Customers are often more interested in functional and operational qualities. These qualities will also have a huge impact on the strategic core of your product. Developmental qualities are mostly tactical issues. They are of high relevance for the development team, especially when we are going to build a product line such as in our example project.

Often, it helps a lot when defining the boundaries of the system to be built using context diagrams. Additionally, a use case analysis with participation by customers is essential.

It is important to mention that a software product line such as the one introduced in our running example requires special focus on commonalities and variabilities of the products we are going to build. For example, some of our customers might need the patient meetings to be synchronized with Exchange Server, while others might use IBM/Lotus, or even exotic platforms. Thus, our patient framework must be built in a way that allows this kind of variability. Another variability may be the different looks and feels of the Web sites.

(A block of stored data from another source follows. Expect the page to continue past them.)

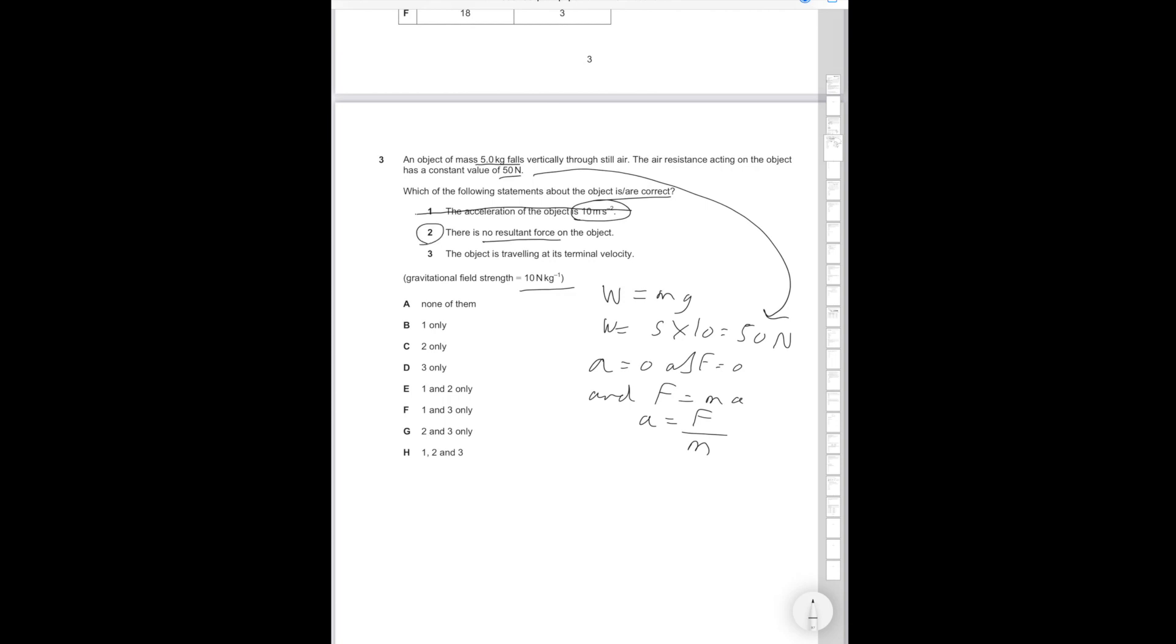So the acceleration of the object is 10 meters per second squared. That's incorrect since there's no net force acting on the object. There's no resulting force on the object, we know that's true. And the object is traveling at terminal velocity. If this is true, statement 2 is true, statement 3 must also be true. Therefore options 2 and 3 are correct and therefore the correct answer is going to be G.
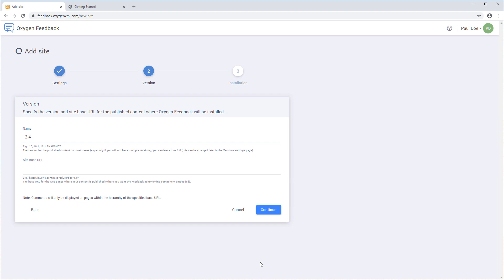For example, if your published output is documentation for a product that has multiple released versions, each version probably has its own published documentation. In this case, each published version requires a different configuration since the version and base URL would be different for each of them. The version can be used later to decide whether or not comments from older versions are shown in the new published versions.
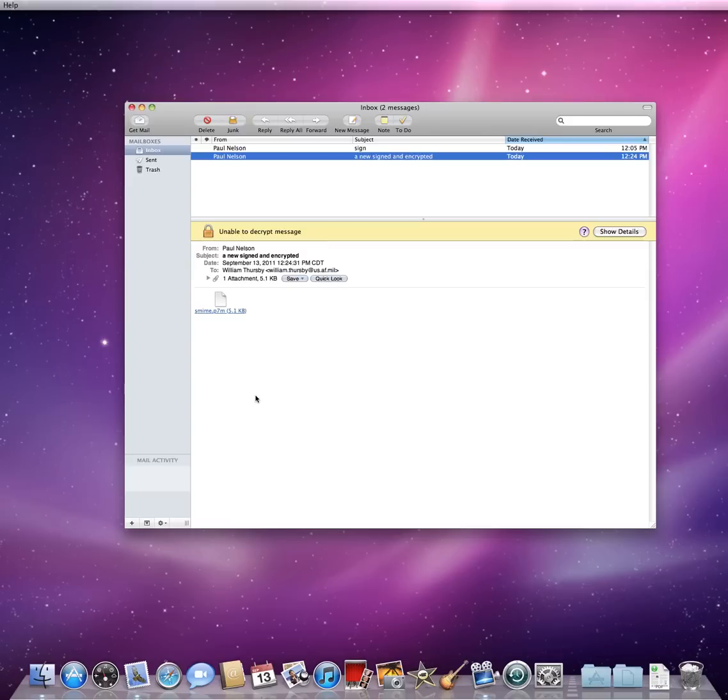For further information on our products, please visit us at www.thursby.com. Thank you.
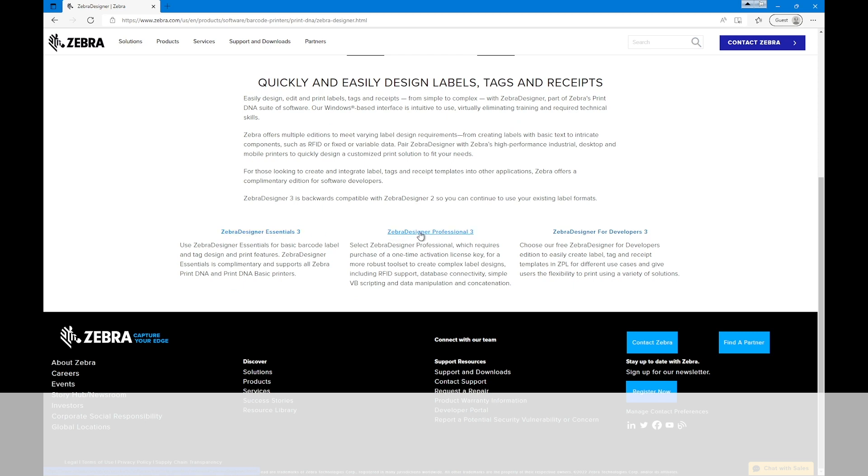Zebra Designer Professional requires purchase of a one-time activation license key, but offers a more robust toolset to create complex label designs, including RFID support, database connectivity, simple VB scripting, and data manipulation and concatenation.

After you got final agreement and committment on the requirements you can start to proceed to the next step and set up the project which won't be covered in my postings. However, it turns out to be important to asign important subsystems to key developers and also assign the most important non-functional issues also to key developers. Software architects are then responsible for the whole picture, but key developers for their own topic of concern. In the beginning, architects and (and key developers) will design a base line architecture and communicate this architecture to the stakeholders. The design should reflect functional aspects but also at least the core non-functional concerns.

In our example, security and usability will be most likely the most important requirements. Thus, we should organize two teams, one responsible for security and the other one for usability.

In the whole project activities is essential to ensure requirement traceability. Each design or implementation decision should be motivated by requirements and follow the architectural baseline. This is where architects must act as supervisors.

This concludes the first posting in my "series".